* [Problem to solve] Write out everything in the records exactly, apart from the pictures.

--- Input data Enclosed Below ---

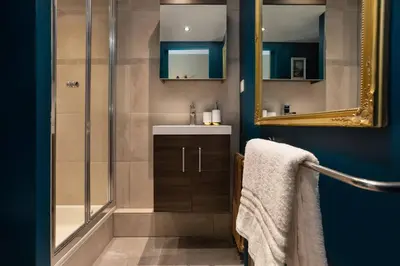 a bathroom with a shower and a sink and a mirror at Modern apartment with the best Mont Blanc view! in Chamonix-Mont-Blanc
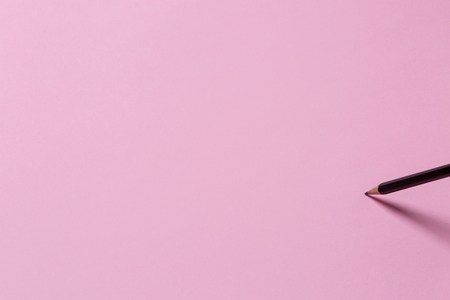 Pencil In Black On A Pink Surface With Copy-Space. Creative Conceptの写真素材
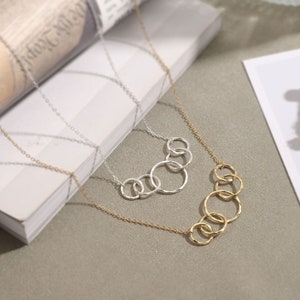 Celebrate her 50th birthday with our meaningful 5-interlocking circle necklace, representing five decades of love and laughter. Crafted with care from sterling silver and 14k gold vermeil, this elegant necklace is the perfect gift for her birthday.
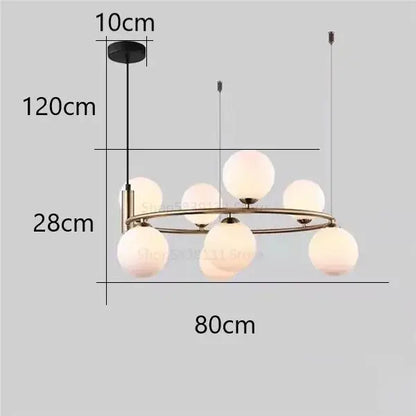 Modern gold brass-toned pendant light chandelier with eight frosted glass globes for adjustable dining room lighting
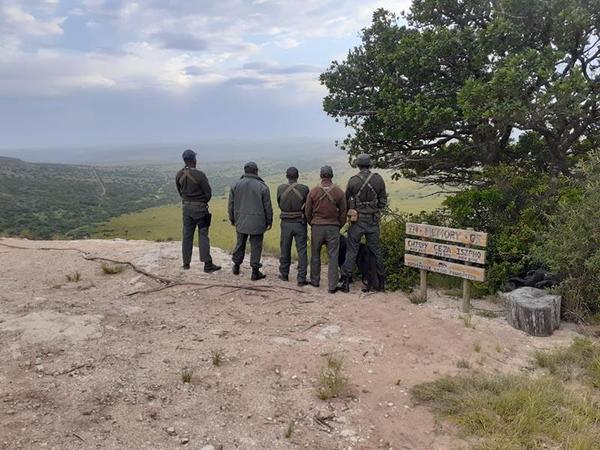 Men observing World Rhino Day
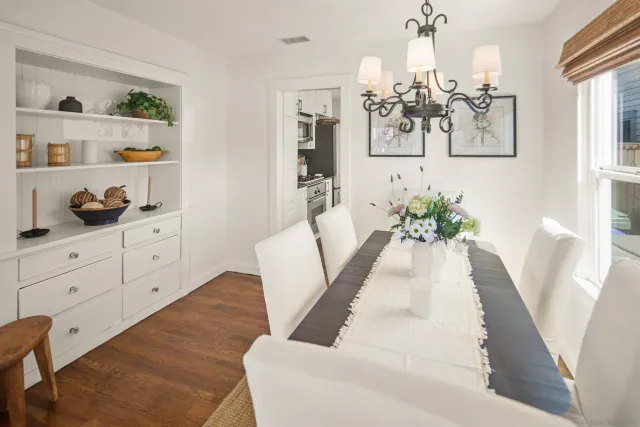 a kitchen with stainless steel appliances granite countertop a stove a sink dishwasher and a dining table with cabinets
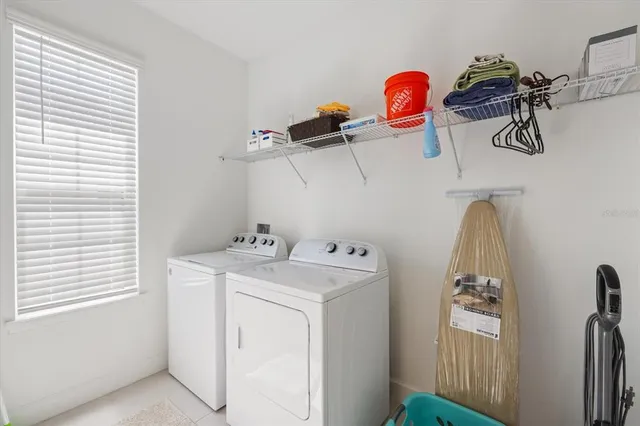 a view of a storage & utility room with a window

--- End of Enclosed Input data ---

* [Problem solution]
 a bathroom with a shower and a sink and a mirror at Modern apartment with the best Mont Blanc view! in Chamonix-Mont-Blanc
 Pencil In Black On A Pink Surface With Copy-Space. Creative Conceptの写真素材
 Celebrate her 50th birthday with our meaningful 5-interlocking circle necklace, representing five decades of love and laughter. Crafted with care from sterling silver and 14k gold vermeil, this elegant necklace is the perfect gift for her birthday.
 Modern gold brass-toned pendant light chandelier with eight frosted glass globes for adjustable dining room lighting
 Men observing World Rhino Day
 a kitchen with stainless steel appliances granite countertop a stove a sink dishwasher and a dining table with cabinets
 a view of a storage & utility room with a window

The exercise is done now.